After the operation, the big challenge was 'gait re-education' – learning how to walk on the prosthetic leg. Instead of his weight going through the calf muscle into the ankle, he had to put the weight through a front tendon, just below the kneecap. "It feels very unnatural, like your knee's going to snap. All your body screams 'don't do that!' It took two weeks to train myself psych-ologically, as well as physically getting the rhythm and balance."
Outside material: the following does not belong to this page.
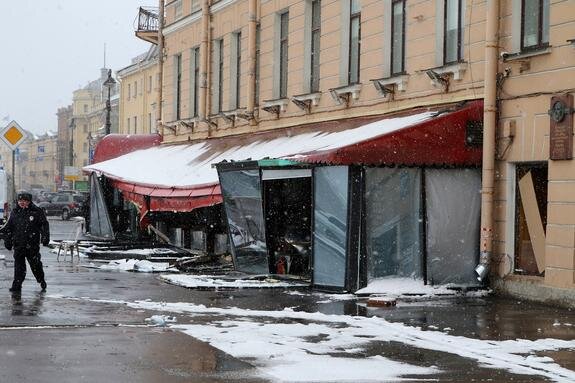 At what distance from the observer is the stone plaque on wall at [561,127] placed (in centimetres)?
1445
Patterson says he has actually enjoyed the experience of relearning to walk, describing the "little triumphs along the way" – like the first time he ran again. But periods of activity would also mean pain and chafing on the skin where the stump fitted into the prosthetic. "About a month after, I really danced – and that was ecstasy although I was in pain afterwards," says Patterson.
He also suffered three types of phantom limb pain: "Firstly, the pain caused by the accident; secondly, a nightmare feeling like someone's tickling you really well on the bottom of your foot (but there's no foot there). But most interesting, there was a sensation like ethereal hands were giving me the mother of all foot massages. I kind of miss that one!" After four weeks he tried homeopathy and hasn't had the pains since.
Two years on, although losing his lower leg has made everyday life trickier, Patterson doesn't let it hold him back.
"I don't feel 'disabled'; I just can't do certain things. Life is a just little bit more awkward now. I take chairs to festivals, make a few little creative adjustments." Watching him, you could easily not even notice, although he explains that "walking down stairs is the one thing I'll never be able to do 'normally' . You'll notice straight away." He also fears staying in a place with the toilet on another floor: "It's a nightmare. You don't want to put the leg on in the middle of the night, but you can't hop upstairs."
After the experience of being stitched up by a rural vet in Mexico, Patterson is full of praise for the NHS, the staff at Charing Cross Hospital, and the prosthetic limb he's been given. "I'm very lucky to live in this country. The leg is an amazing bit of tech."
He was offered a "real"-looking, flesh-toned leg cover, but opted to keep the shiny metal skeleton, which he thinks looks great. "It's like having a new limb: I lost a leg and gained a stump!"
Patterson has been fitted with a series of 10 prosthetic limbs, decreasing in size as his stump shrank, but hopes his most recent will be the last. He has also just collected a water-proof leg for swimming and showering.
"I'm looking forward to being able to have my first proper, stand-up shower, and I'm absolutely dying to go swimming again," he says with a grin. "I'd like to jump in too – I'm not afraid of jumping any more."
Life after amputation
* Below the knee amputations (BKA), also know as transtibial, are among the most common major limb amputations. Statistically about half of all major lower-limb amputations are transtibial.
* Those who undergo BKA retain the knee joint. This is important, as the process for mimicking native leg movement becomes much easier for any prosthetic limb that is attached. Because of this, transtibial amputees have a high chance of regaining normal mobility.
* The amputation must be done high enough up the leg, to an area that has good blood supply. This ensures proper healing of the stump.
* The accidents most likely to result in a transitibial amputation are traffic accidents, followed by farm and industrial accidents.
* Amputations as a result of disease are performed as a lifesaving measure. Common examples of this are peripheral vascular disease (poor circulation of the blood) and cancer.
* Most amputees suffer from a sensation known as "phantom limb" post-amputation. Phantom limb is that sensation of still being able to feel the amputated limb, however, it is usually fairly mild and passes with time.